August 1997

EDUCATION FOR A BRAVE NEW WORLD

By HUBERT BEYER

VICTORIA British Columbia has the "Year 2000" educational program. All the states of the US have the "America 2000" or the "Global 2000" program. These programs, which are to prepare students for the new millennium, constitute a dramatic shift in the focus of education that have many experts alarmed.

The most disturbing aspect of the shift in our education program, according to critics, is that curricula are more and more designed to suit the workplace. In other words, the employers of our education system are no longer the parents but industry and commerce.

The US are ahead of us in their revamping of the learning system, and alarm bells are going off all over the place. In a recent speech to a conference under the heading "What Goals 2000 Means to the States," Ron Sunseri, a representative in the Oregon Legislature, described a frightening scenario, the implications of which may ultimately apply to British Columbia as well.

Oregon began its education reform in 1991. The new system was called "Outcome-based Education." Narrowly-focused education programs were to be a thing of the past. No more diplomas in clearly-defined disciplines.

Instead, students would works towards a Certificate of Initial Mastery, to be followed by an eventual Certificate of Advanced Mastery.

Sunseri says the new system is a clear attempt to force an education on children that replaces content with process.

"They talk about self-directed learning and collaboration and understanding diversity. Very little is mentioned about academics.

"It becomes clear why it is important to change (students’) attitudes. And control the behavior of the child at an early age. The goal is no longer to give children a broad base of knowledge so they can make their own choices, but to compete with third-world nations under GATT and NAFTA. A compliant workforce facilitates this," Sunseri says.

Cottage Grove in Oregon was the first to jump on the Certificate of Initial Mastery bandwagon. Sunseri says it was a catastrophe. Of the 183 students in the class that received the certificates, 116 wrote a letter to the authorities, begging the school district to stop subjecting them to that kind of education.

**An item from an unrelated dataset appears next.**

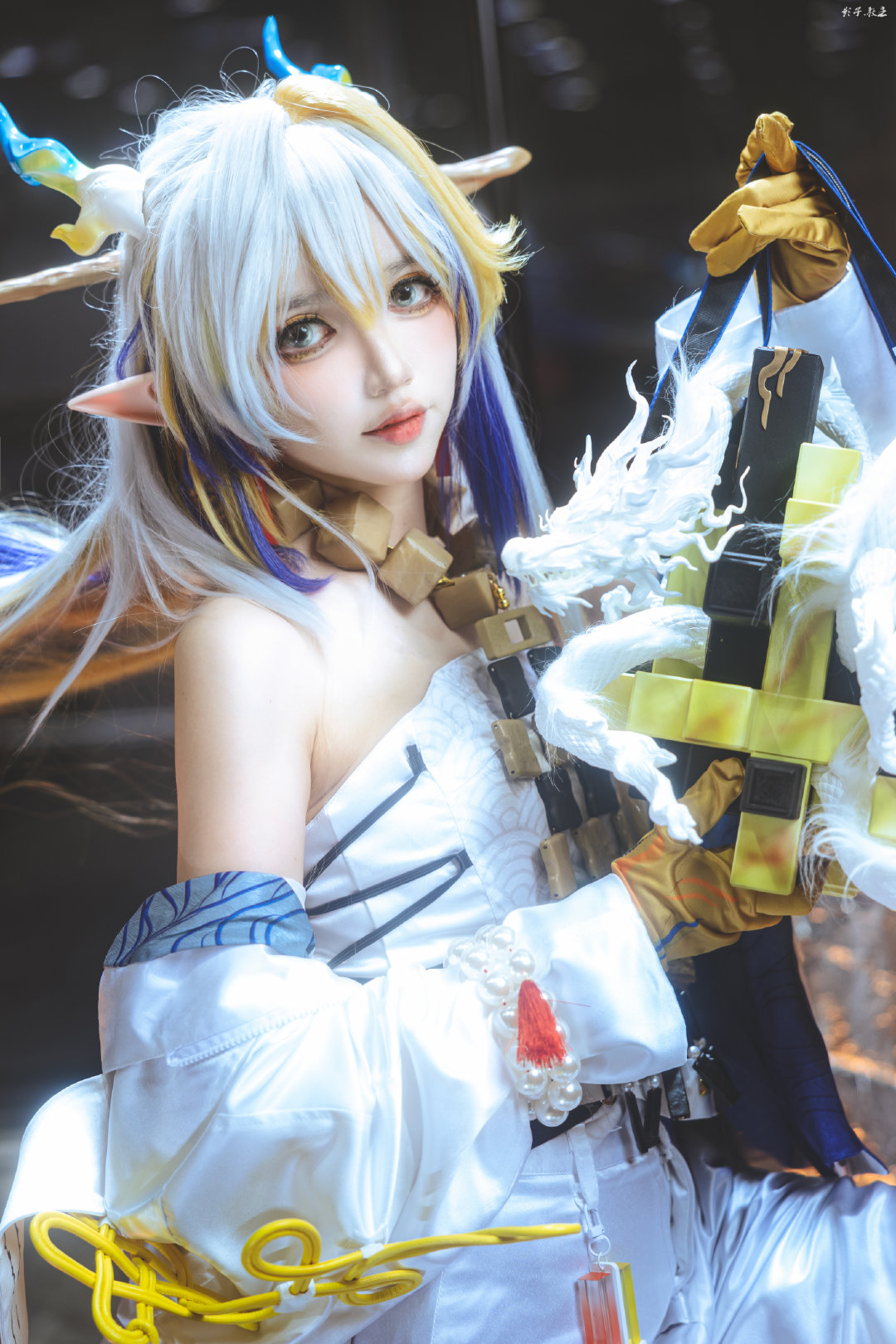 借着烟花许愿 希望我们都能得偿所愿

"What’s happening to our children with these Certificates of Mastery is a tragedy," says Sunseri. "Forest Grove school district declined 36 points in verbal skills and 17 points in math."

At the district’s high school level, Sunseri says, they finally agreed to add some academic content by teaching Shakespeare to Grade 10 students.

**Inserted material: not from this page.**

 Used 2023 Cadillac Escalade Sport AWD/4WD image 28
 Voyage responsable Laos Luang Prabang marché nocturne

"After it was over, we found that they read two comic books and watched the video Roxanne with Steve Martin. So much for Shakespeare."

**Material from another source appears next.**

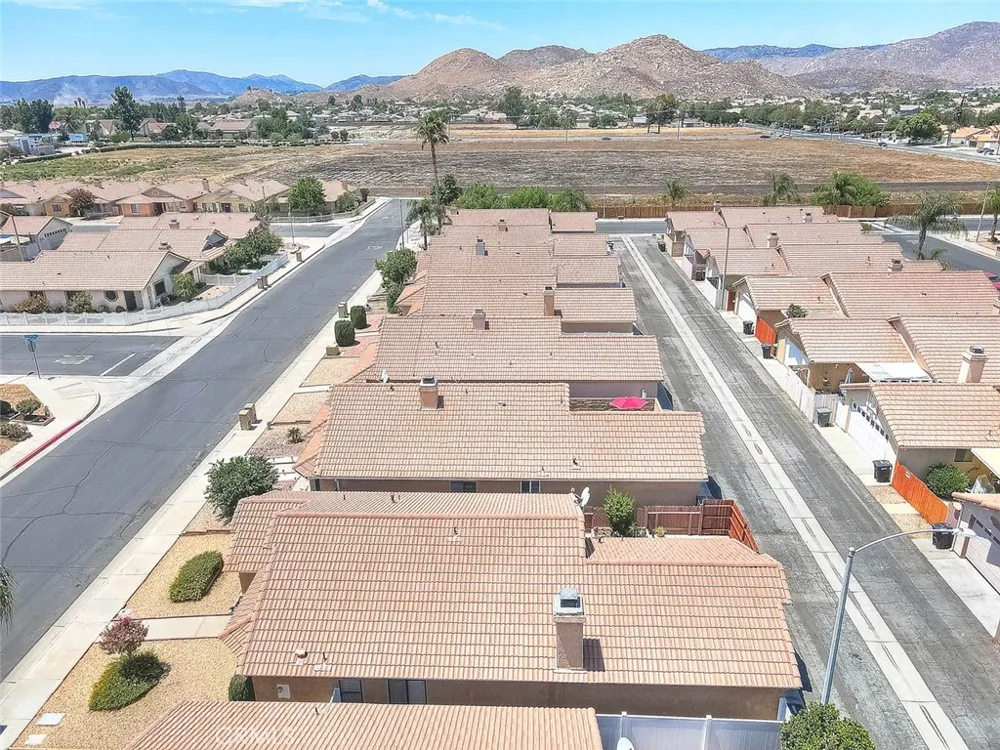 2980 La Habra Hemet, CA 92545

The result of Oregon’s fiddling with the education system to suit the needs of the world of business in the new global economy has been that students leave high school with gaping holes in their education.

Sunseri says that 30 per cent of all high school graduates going on to college need remedial course. That, he adds, "blew the cap off the capitol building" because it involves the spending of millions of dollars for an education the students were already supposed to have had.

British Columbia’s "Year 2000" program may differ from that of Oregon’s, but the fact is that here, too, the education system is shaped more and more to suit future employers. And that, I suggest, will leave is with future generations more suited to Huxley’s Brave New World than the one we hope our children will inherit.